● PROBLEM DESCRIPTION
The task for the listing below is to write out exactly the lines starting at the one containing "VT license plate ANY616" and ending at the one containing "Herz Pixxprint aus", both included. Pictures are to be omitted.

● THE RECORDS
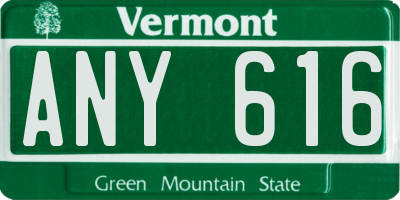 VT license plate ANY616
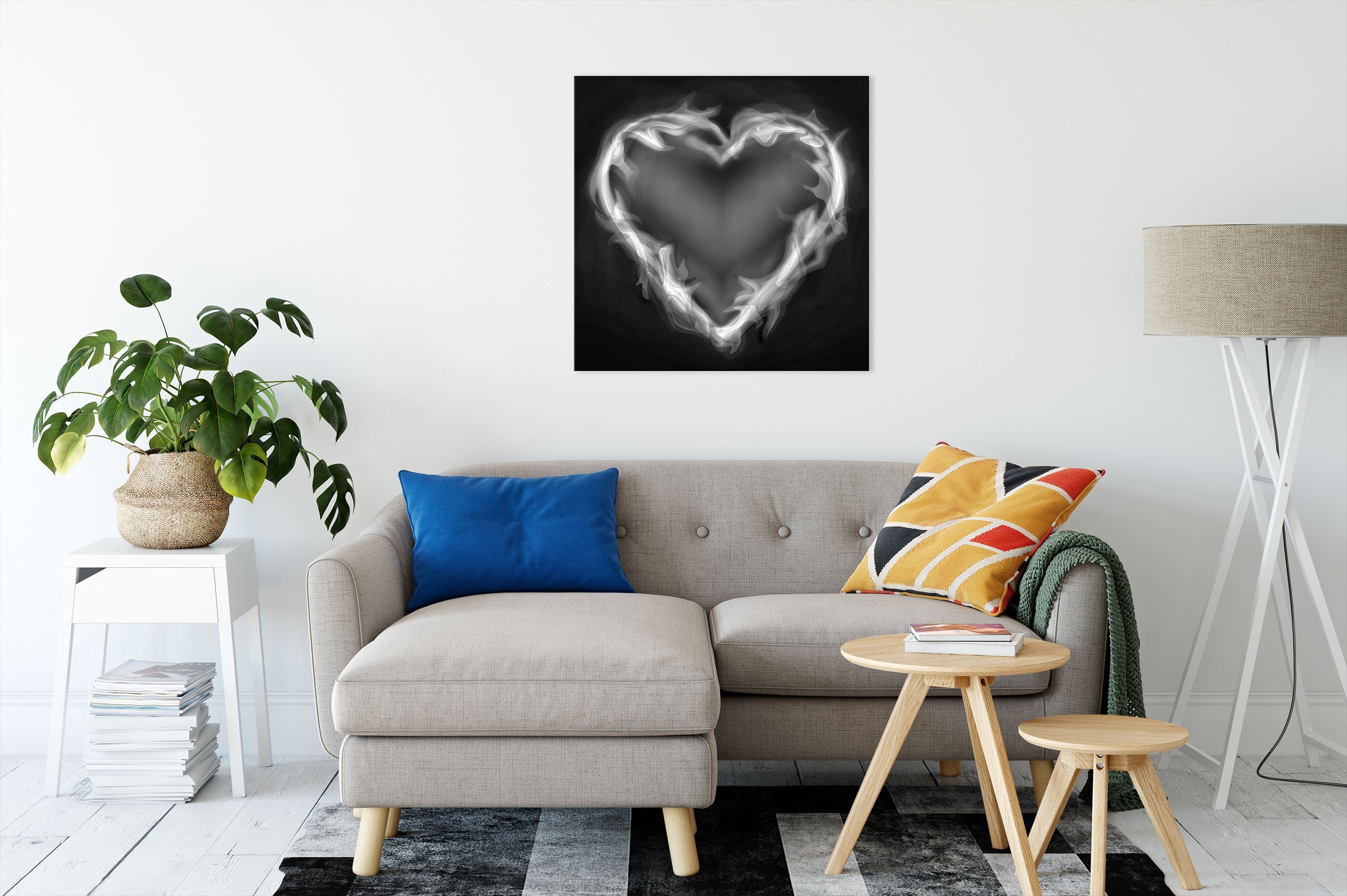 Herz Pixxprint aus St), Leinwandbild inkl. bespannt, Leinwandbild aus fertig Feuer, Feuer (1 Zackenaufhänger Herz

...

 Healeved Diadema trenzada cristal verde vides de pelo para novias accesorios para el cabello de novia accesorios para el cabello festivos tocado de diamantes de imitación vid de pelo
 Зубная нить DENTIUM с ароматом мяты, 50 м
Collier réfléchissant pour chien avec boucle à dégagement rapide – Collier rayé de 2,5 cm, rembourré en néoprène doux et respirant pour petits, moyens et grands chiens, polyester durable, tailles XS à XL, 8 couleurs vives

* * *

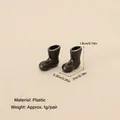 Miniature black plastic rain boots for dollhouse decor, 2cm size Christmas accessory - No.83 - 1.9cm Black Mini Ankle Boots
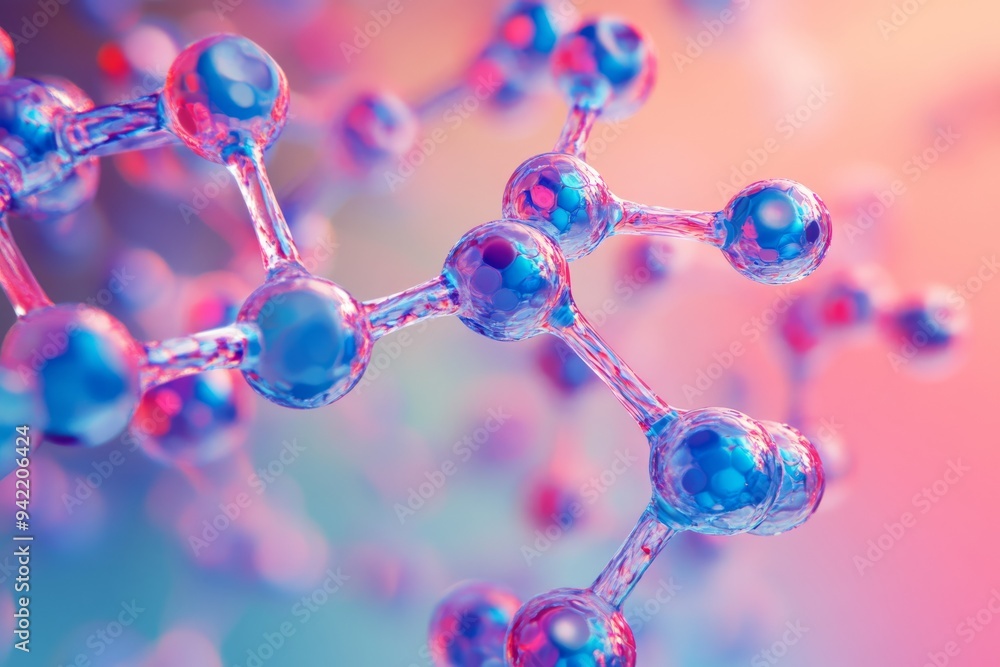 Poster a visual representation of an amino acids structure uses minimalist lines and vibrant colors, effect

● TASK RESULT
 VT license plate ANY616
 Herz Pixxprint aus St), Leinwandbild inkl. bespannt, Leinwandbild aus fertig Feuer, Feuer (1 Zackenaufhänger Herz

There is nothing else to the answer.